Knowing once again that we have an ambitious day ahead (we are hoping to tackle 14 + miles and there’s some serious uphill involved), we wake up at 4:15 and start the usual process rolling. It’s the Fourth of July today and we are hiking on the 1776, aka the Colorado Trail. So naturally we’ve got tunes from Hamilton on the brain! What time is it? Showtime!
It’s a crisp morning as we set off on the trail, but we are treated to some beautiful golden light that illuminates the forest in front of us.
The first segment of today’s trail takes us down to the Rolling Creek Trailhead and into the Lost Creek Wilderness. We stop to register before continuing on into a coniferous forest interspersed with stands of aspen, with their tall slender branchless trunks jutting skyward. Purple columbine are in bloom, and we notice young blueberry bushes as well. Alas, it will be some time before there are ripe berries.
We climb steadily and top the 10,000 foot mark for the first time! The bird life this morning is good: we see a Red-breasted nuthatch, a pair of Mountain chickadees, and a Brown creeper, and then we hear a woodpecker very close by tapping out Morse code on a dead tree trunk. I pull out my binoculars but struggle to locate the bird. Finally I see movement and follow him until I can identify that he is only black and white and has a white patch on his back.

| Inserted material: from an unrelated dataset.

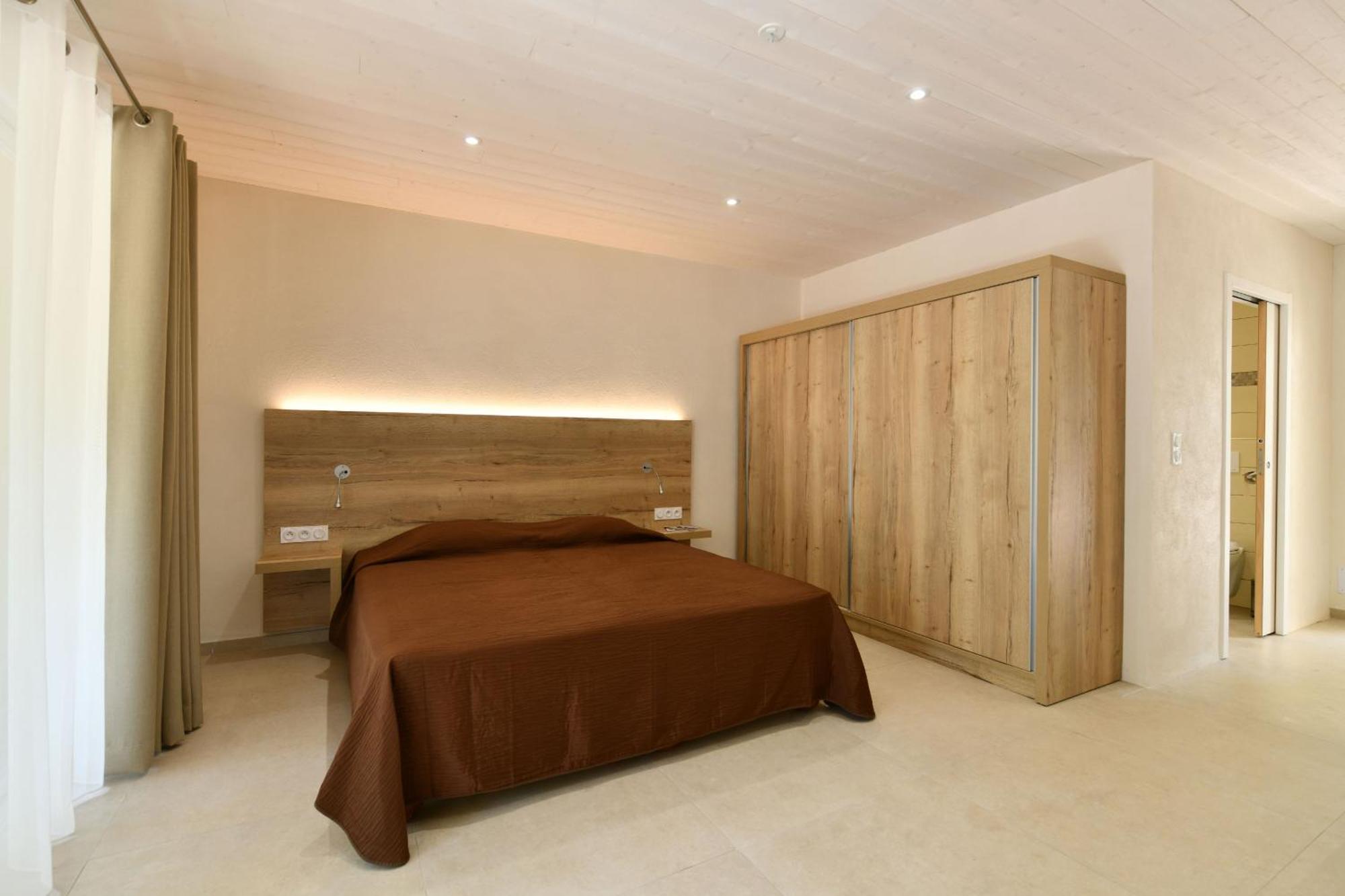 Bagheera Village Naturiste Campingplatz 4*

Then, I see him use his beak to flake off bark from a pine tree and I know that I’ve spied a lifer! An American Three-toed Woodpecker, which my bird app says is “inconspicuous and uncommon!” Day 4 is already off to a great start!
The next segment of the trail finds us following an old, rocky, logging road as we make a fairly steep ascent. Eventually we turn back into the forest where we compete the big climb of the day all the way up to 10,600 feet. We descend slightly to the arid side of the mountain and begin seeing vistas over open meadows to the tree-covered slopes beyond.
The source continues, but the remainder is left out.